Your task: The lines in the listing below are to be given again exactly, starting at the line holding "Wireless Charging Mouse" and ending at the line holding "Wheat Flowers In". Do not include pictures.

Provided data:
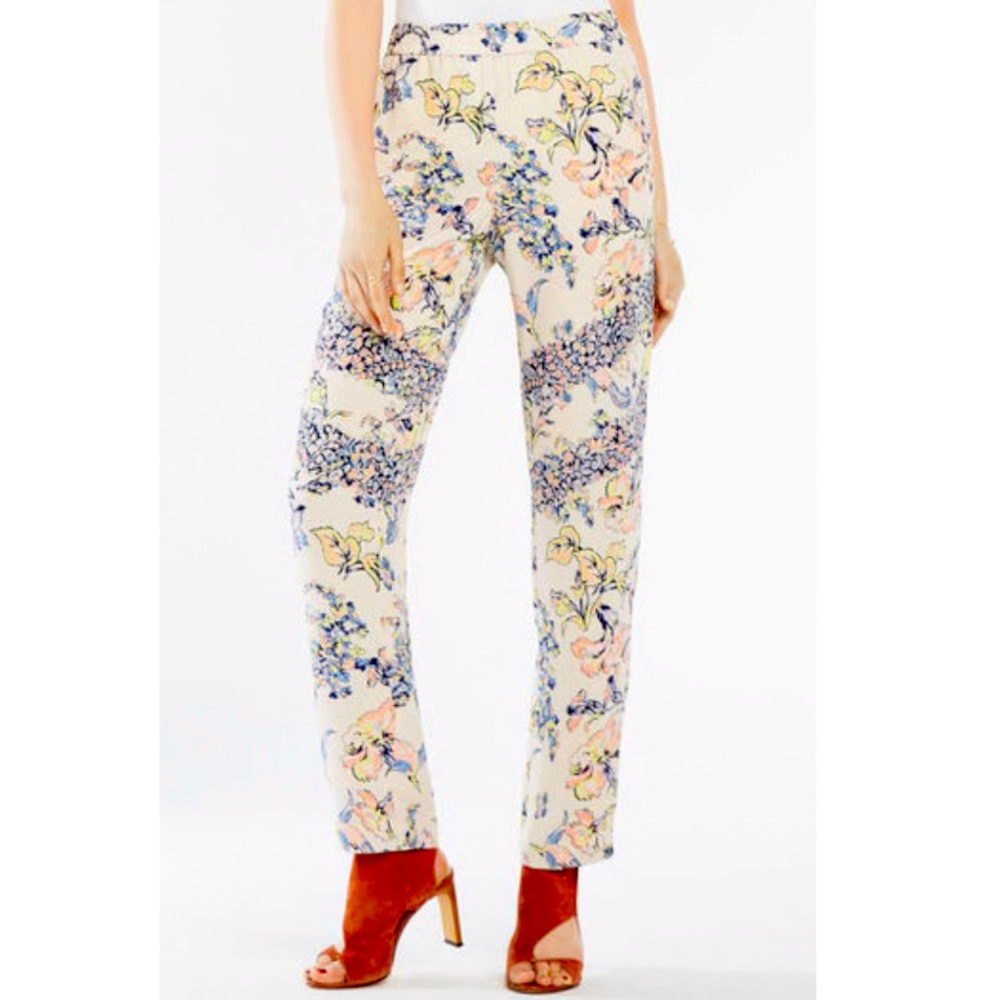 Sz S BCBG MAXAZRIA Ryen Floral Straight Leg Pant in Cream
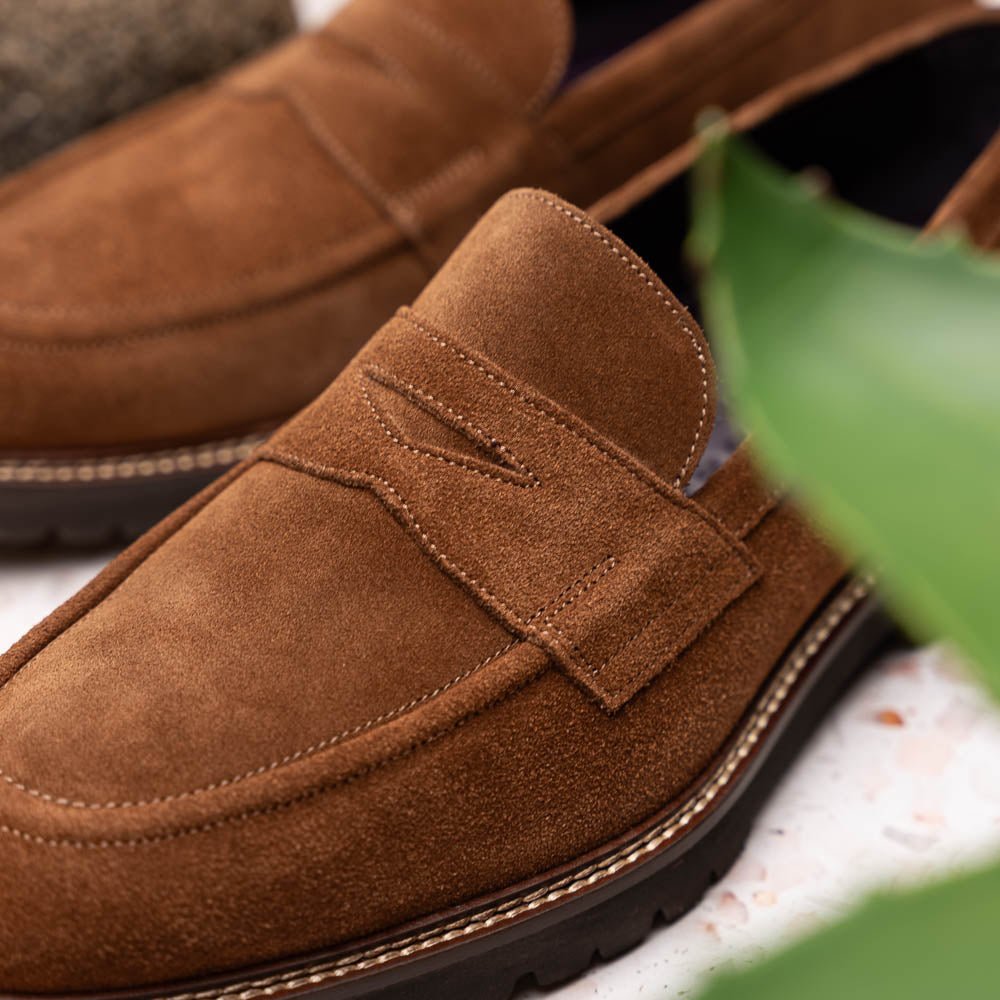 16 - 657 - Tob Roma Italian Suede Penny Loafers Tobacco Shop by Zelli Italia – Don't Panic Shoes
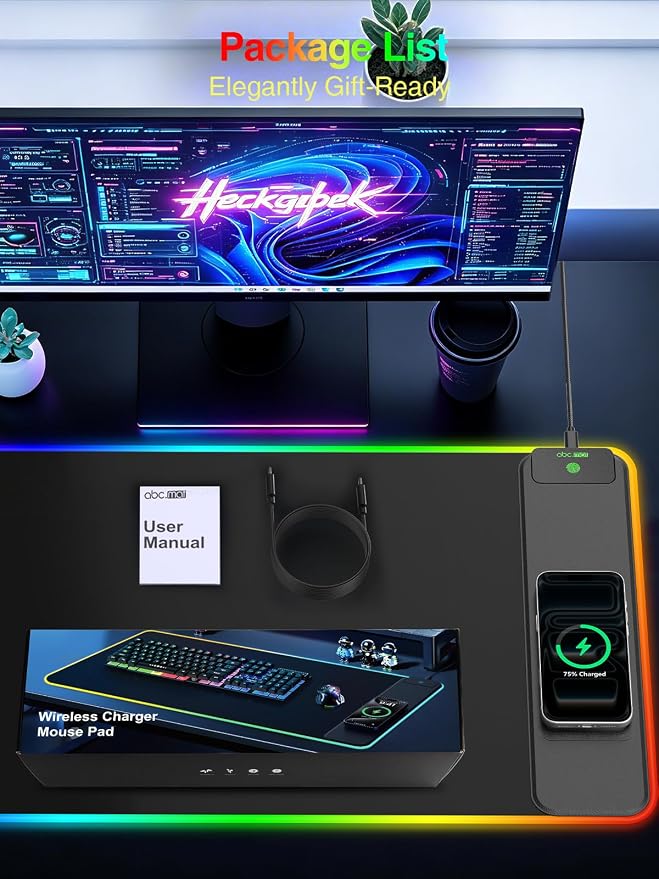 Wireless Charging Mouse Pad Gaming, 31.5"x15.8" Large Desk Mat, Waterproof | RGB Mousepad, Smooth Glide, Stitched Edge, Non-Slip Rubber Base, Desk Pad Computer Keyboard Mat, No Adapter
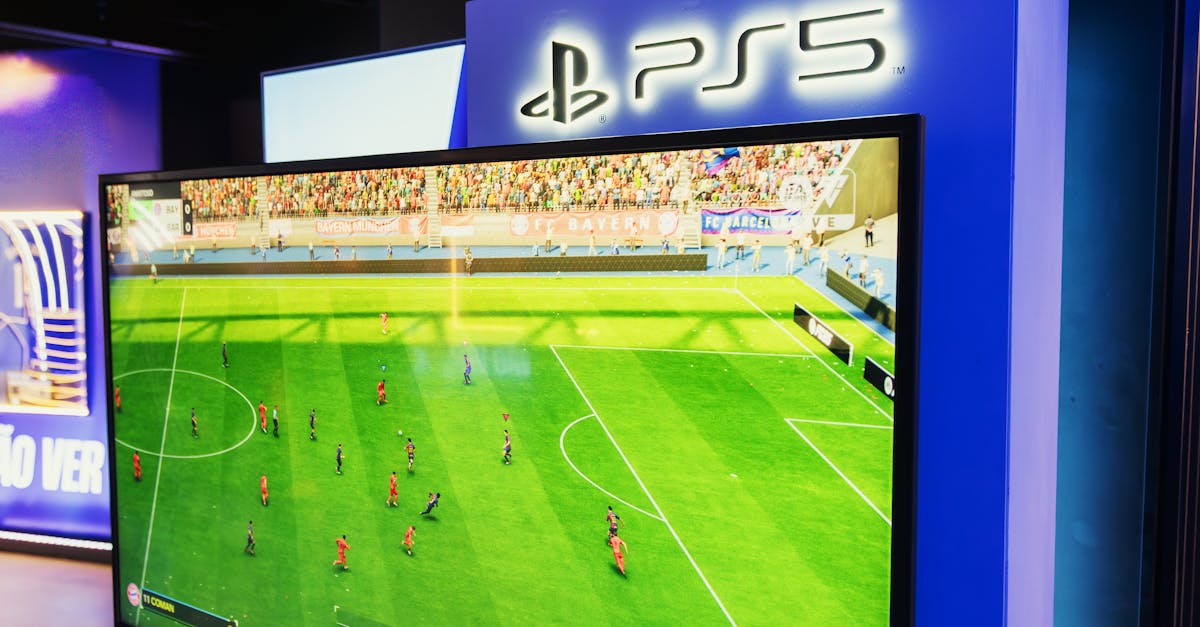 PS5 gaming console showcasing a soccer video game in a retail store setting.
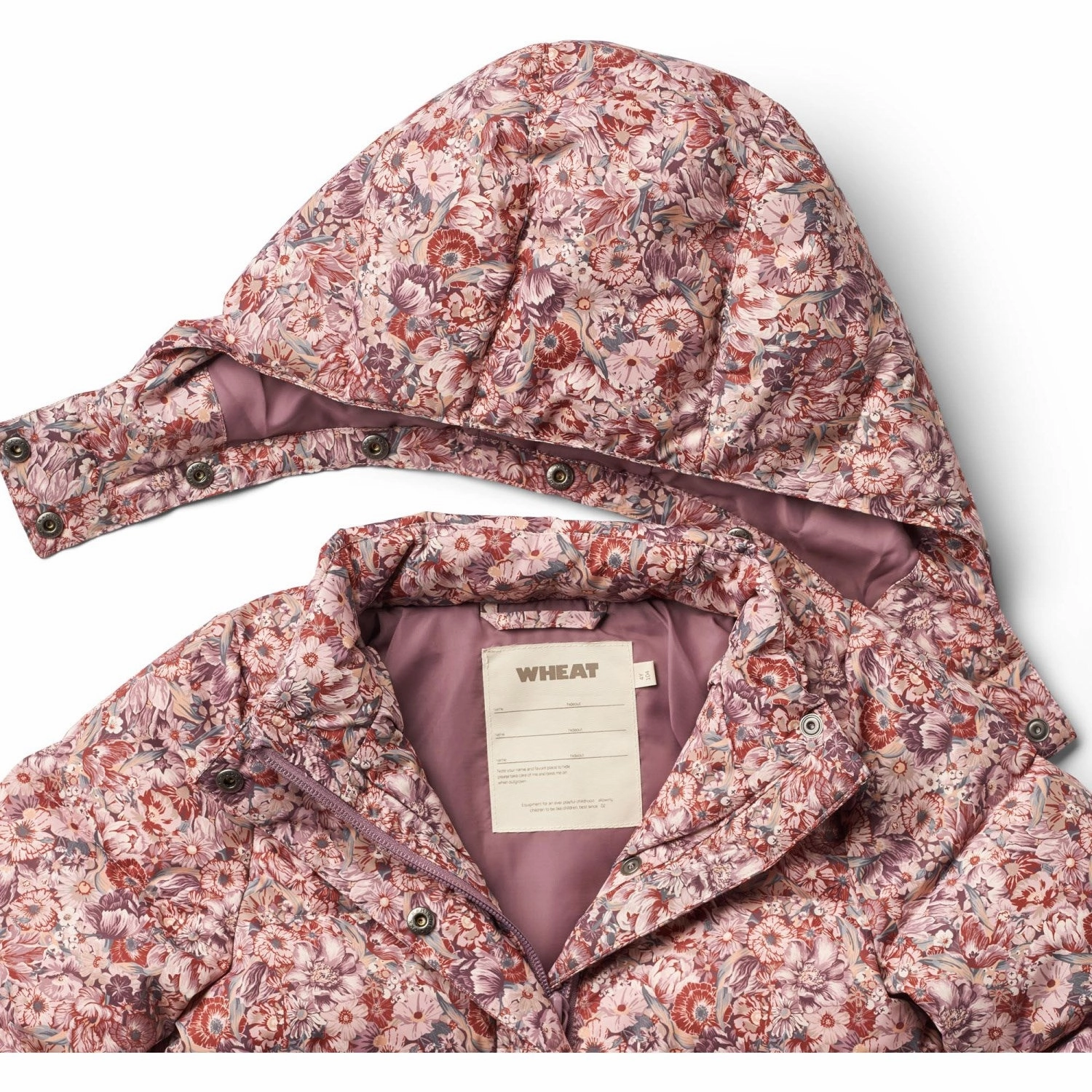 Wheat Flowers In Plenty Puffer Jacket Karla Leather Bits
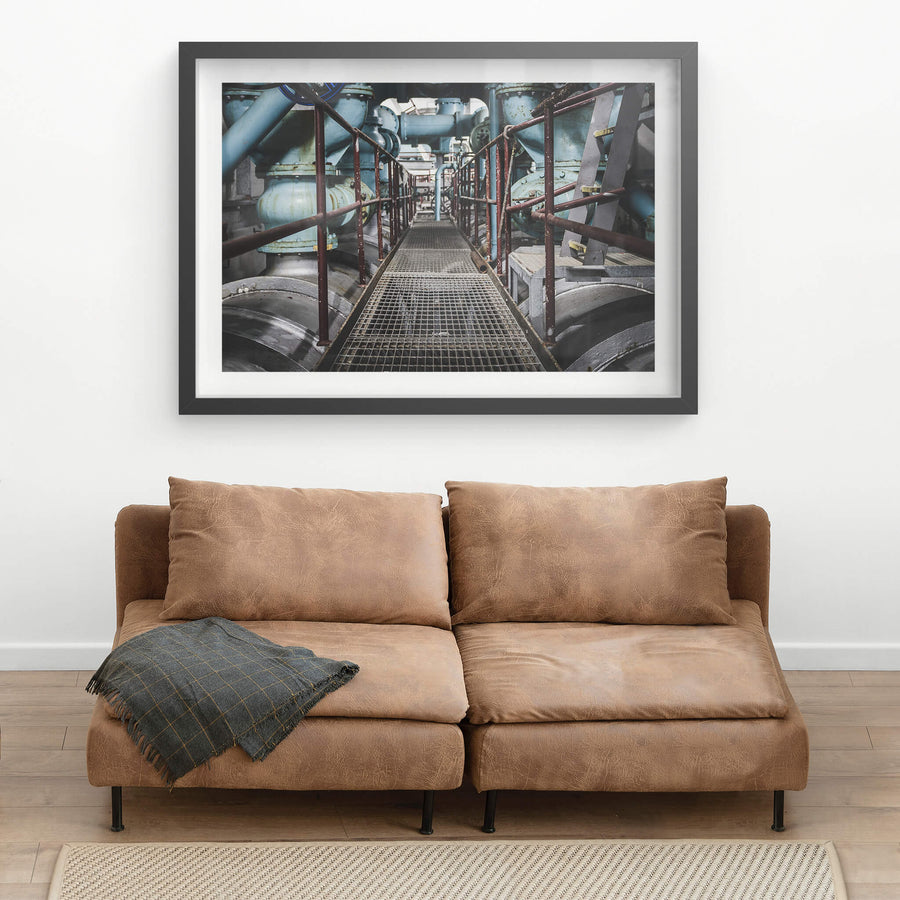 Pump Hall Basement Catwalk at West Ryde Pumping Station, black-framed print displayed in situ on a wall.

Answer to this problem:
 Wireless Charging Mouse Pad Gaming, 31.5"x15.8" Large Desk Mat, Waterproof | RGB Mousepad, Smooth Glide, Stitched Edge, Non-Slip Rubber Base, Desk Pad Computer Keyboard Mat, No Adapter
 PS5 gaming console showcasing a soccer video game in a retail store setting.
 Wheat Flowers In Plenty Puffer Jacket Karla Leather Bits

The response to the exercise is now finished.